# Where is this unit at Charter CLub Marco?



## pcgirl54 (May 5, 2007)

3 weeks to go. Unit on the RCI confirmation sheet is CC 1006. Where is it and do exchangers ever get the one on it? Is this a 1 in 4 resort?

Our first time to Marco and we can't wait.  

Thanks!


----------



## EvelynK72 (May 5, 2007)

CC1006 is in the North building - that's the one closest to the water.  It is also the building that is closest to the construction of the Marriott next door.  Maybe someone who has been there recently can comment on the noise and disruption. 

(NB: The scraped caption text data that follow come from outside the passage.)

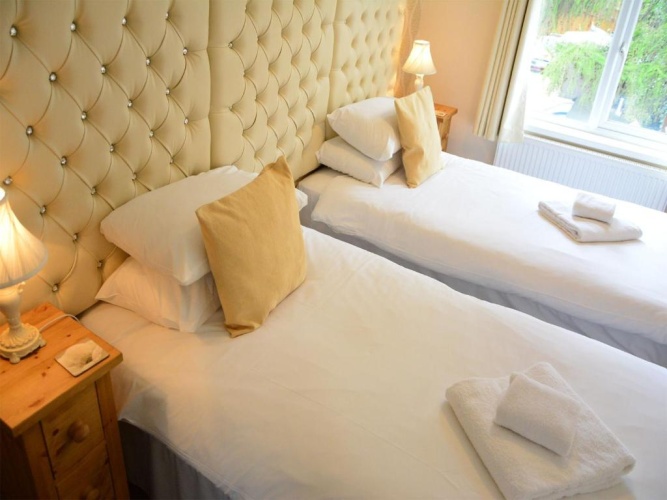 Classic Quadruple room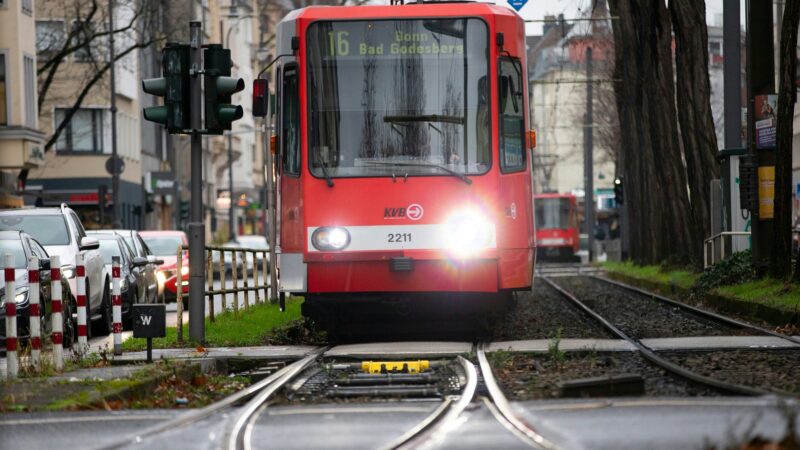 Schwerer Unfall in Köln: 18-Jähriger an Haltestelle in Niehl von KVB-Bahn erfasst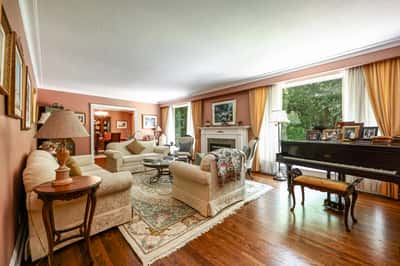 176 Old Yonge Street, Toronto, ON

Last year, we were in room CC 205.  This was on the third floor, as there are no rooms on the first floor.  If I'm reading my building chart right, you should be on the top floor - anyone else want to verify that?  

Have a great time!


----------



## BevL (May 5, 2007)

You should get what's on your confirmation, we have the last two times we were there.  This used to be a one in four, was the first time we stayed, but I don't believe it is any longer.  

We were in a corner unit in the north building last time, but I think 1006 will be in the middle.  No side balcony, but a completely unobstructed view of the Gulf and no need to go to the beach to watch the sunset - you'll have a front row seat.

Can't answer about the Marriott construction noise, when we were in Marco in December, we were at the Eagle's Nest, further north up the beach.

Have a good time, and as I mentioned in another post, be sure to go to their orientation meeting.  They have a draw for some great prizes.  We won a two for one parasailing and someone on another thread mentioned they got, I think it was a dolphin watching tour.  No sales pressure.  And if anyone in your group likes to fish, Captain Jeff who will be at that meeting runs a good charter.  My husband called him up last trip even though we weren't at the Charter Club.  He's always caught fish to bring home for the barbecue - nothing huge but lots of Spanish mackerel and red snapper, I think it was.

My goodness, I think I should start billing Marco Island and/or the Charter Club for my services!!  We love it there, can you tell?


----------



## gretel (May 6, 2007)

*Us too*

We'll be there for the first time for the second week in July. We have CC202.  I think we're in the building further back on the second floor (first floor of units) if I've read the reviews correctly.  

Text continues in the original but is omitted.